SRE Agent Guardrails: A Defense-in-Depth Checklist

Eleven independent guardrails, each with a different failure model. The checklist, what each catches, and the order to add them as your agent matures.

The 11 layers

Defence in depth is the right shape because no single layer catches every failure. The 11 layers below are the canonical set most production agent platforms converge on.

Layers 1-3. Read-only by default, tool allowlist, pre-flight checks. The minimal foundation; an agent without these is unsafe at any scale.
Layers 4-7. Two-person approval for risky actions, action caps per run and per service and per tenant, stagger between actions, sandbox-first for irreversible actions.
Layers 8-10. Loop detection, cost budget enforcement, confidence threshold for action. The layers that protect against the agent’s own pathologies.
Layer 11: audit log. Least exciting, most important. The audit log is what lets you debug, learn from, and prove anything about the other 10.

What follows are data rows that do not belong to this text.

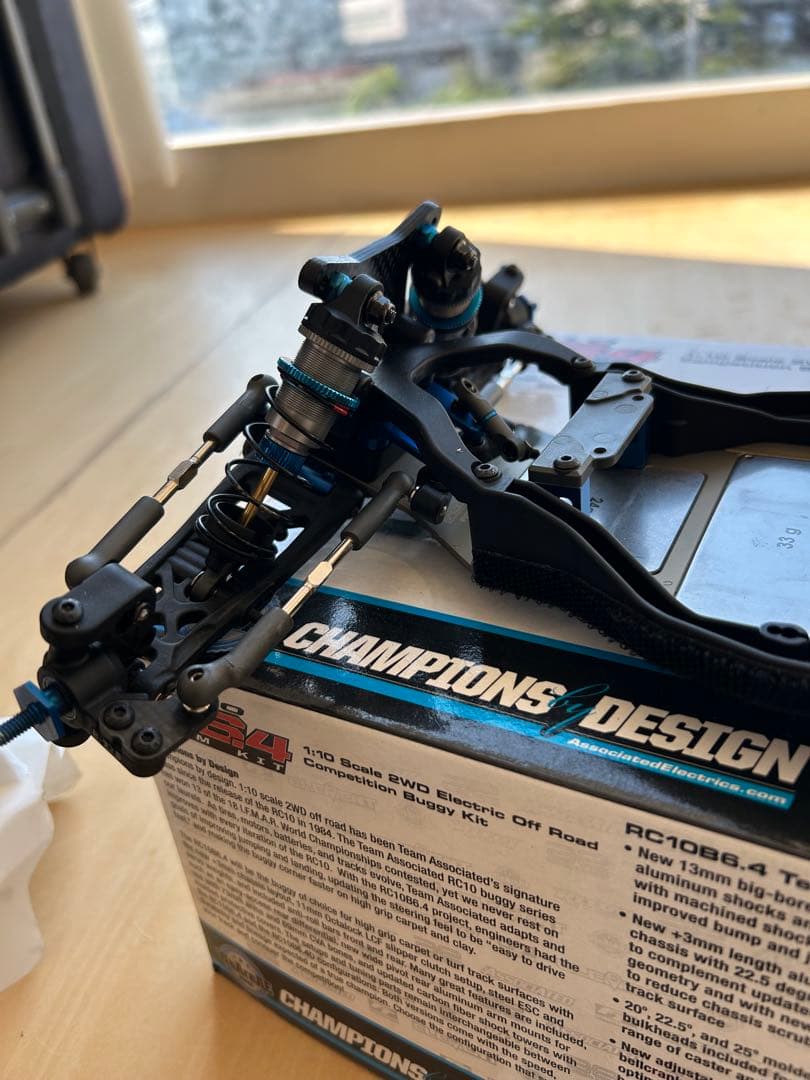 Associated RC10B6.4 アソシエイテッド　バギー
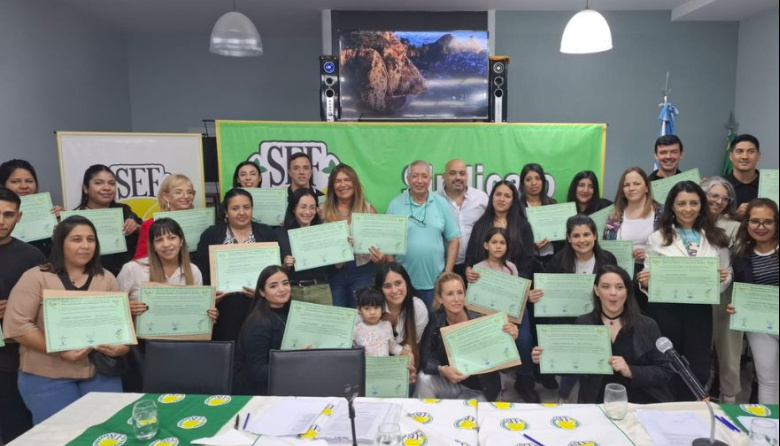 El SEF La Plata convocó a la entrega de certificados del Curso en Gestión de Farmacia 2025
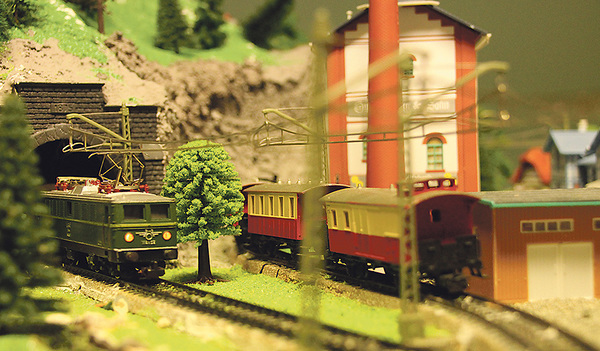 Ein Zug fährt durch eine Modellanlage.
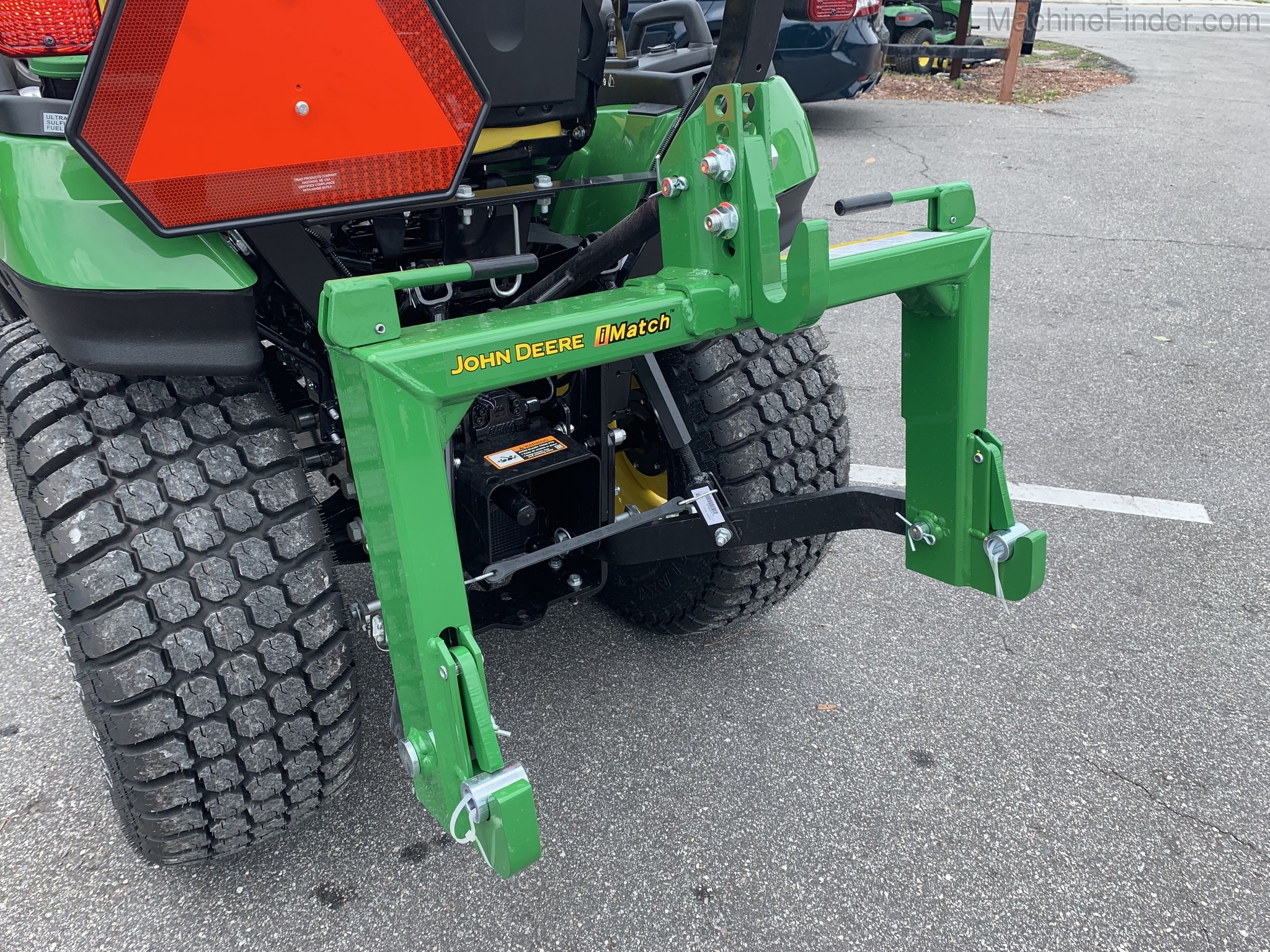2020 John Deere 2025R Image 3
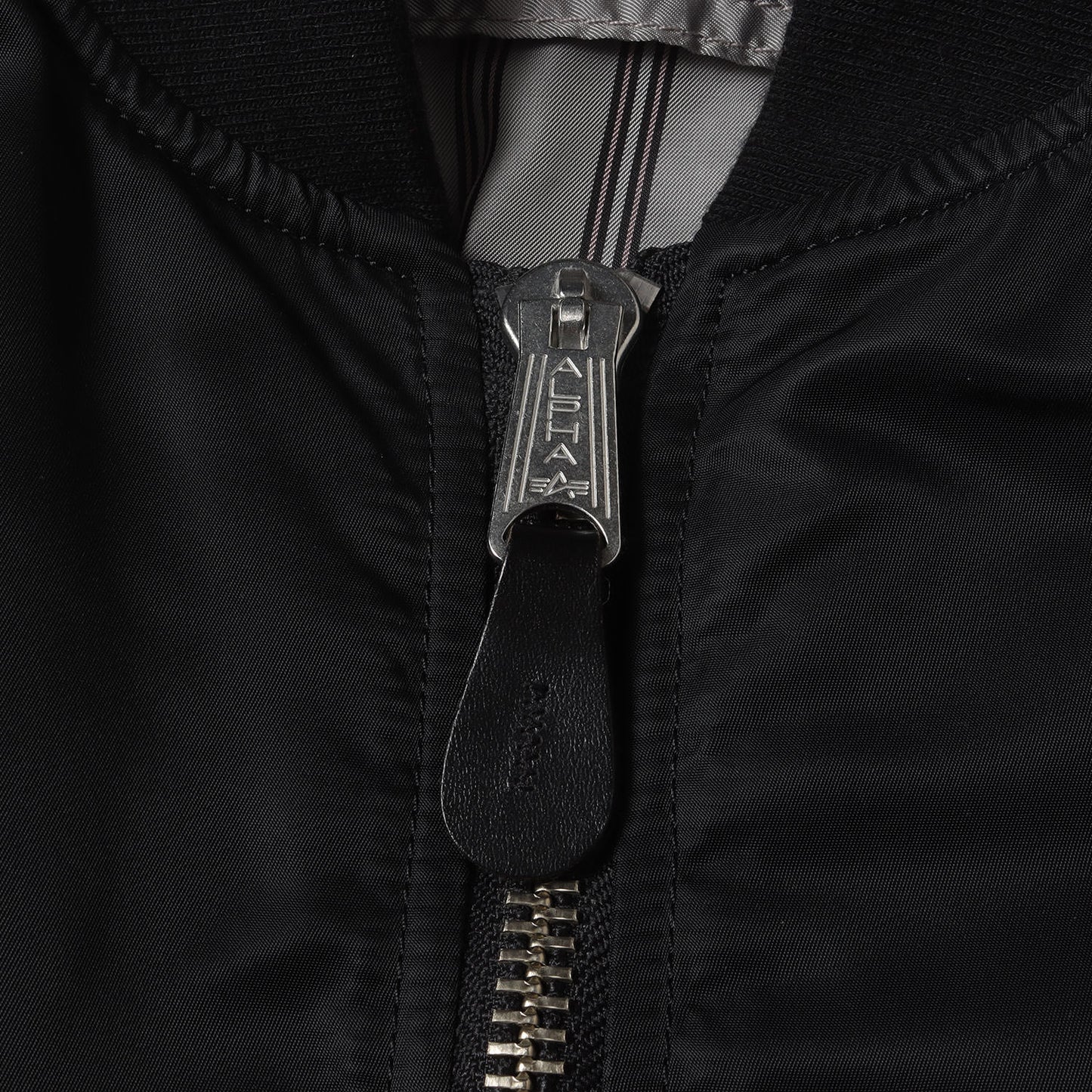 the Shepherd ×fragment design ×ALPHA 袖レザー MA-1 ボンバージャケット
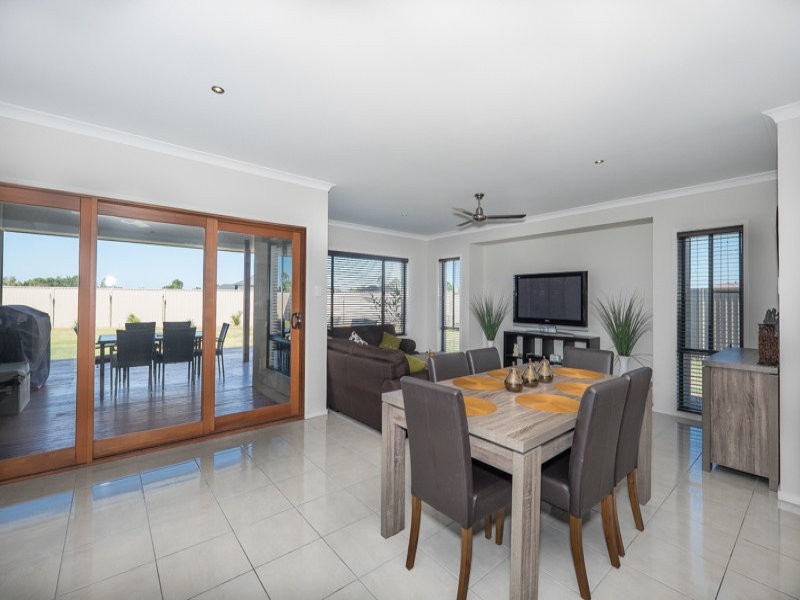 8 Clubrush Court, Banksia Beach QLD 4507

Each layer covers different failures

The layers are independent on purpose. A failure that slips one layer is caught by the next; a failure that slips all 11 is exceedingly rare.

Layer 1 (read-only) prevents whole categories. An agent that cannot write cannot misbehave through writes.
Layer 4 (approval) catches subtle misses. Cases where layers 2 and 3 allowed something subtle to slip through.
Layer 11 (audit) is post-failure. The only layer that helps after a failure; the rest are preventive.
Independence test. If two layers always fail together on the same eval case, one of them is redundant; the layers are designed not to correlate.

Order to add them

Adding all 11 at once stalls. The order below ships a safe-but-useless agent on day one and adds capability layer by layer with evidence.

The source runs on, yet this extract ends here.